DATASET CONTENT →
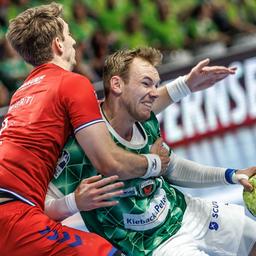 Mathias Gidsel fights for the ball against Bietigheim (source: Imago / Andreas Gora)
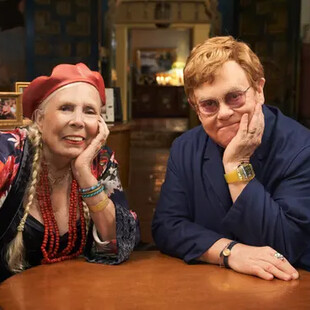 Σπάνια συνέντευξη της Τζόνι Μίτσελ στον Έλτον Τζον: «Η μουσική μου αναστάτωνε τους άνδρες καλλιτέχνες του '70» 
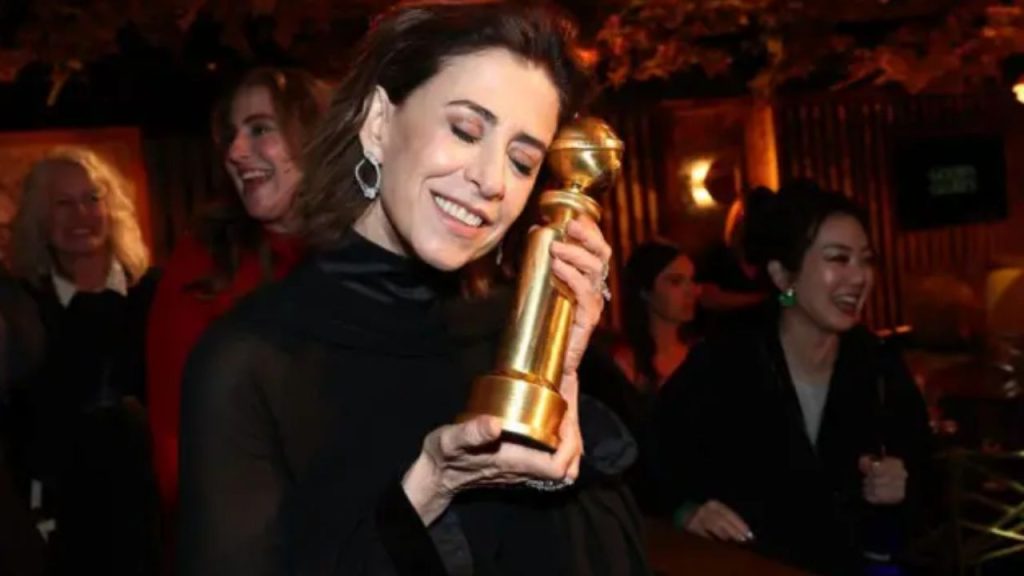 Indicada ao Oscar, Fernanda Torres revela sonho de atuar na franquia 007
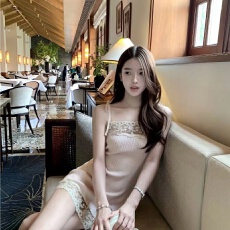 批发法式纯欲风蕾丝花边吊带连衣裙女夏季<b class='q'>甜美</b>粉色包臀裙修身显瘦短裙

TASK TO CARRY OUT → Leave the pictures out, and please copy only the lines from the one with "Indicada ao Oscar, Fernanda" through the end of the listing.

RESPONSE AREA →
 Indicada ao Oscar, Fernanda Torres revela sonho de atuar na franquia 007
 批发法式纯欲风蕾丝花边吊带连衣裙女夏季<b class='q'>甜美</b>粉色包臀裙修身显瘦短裙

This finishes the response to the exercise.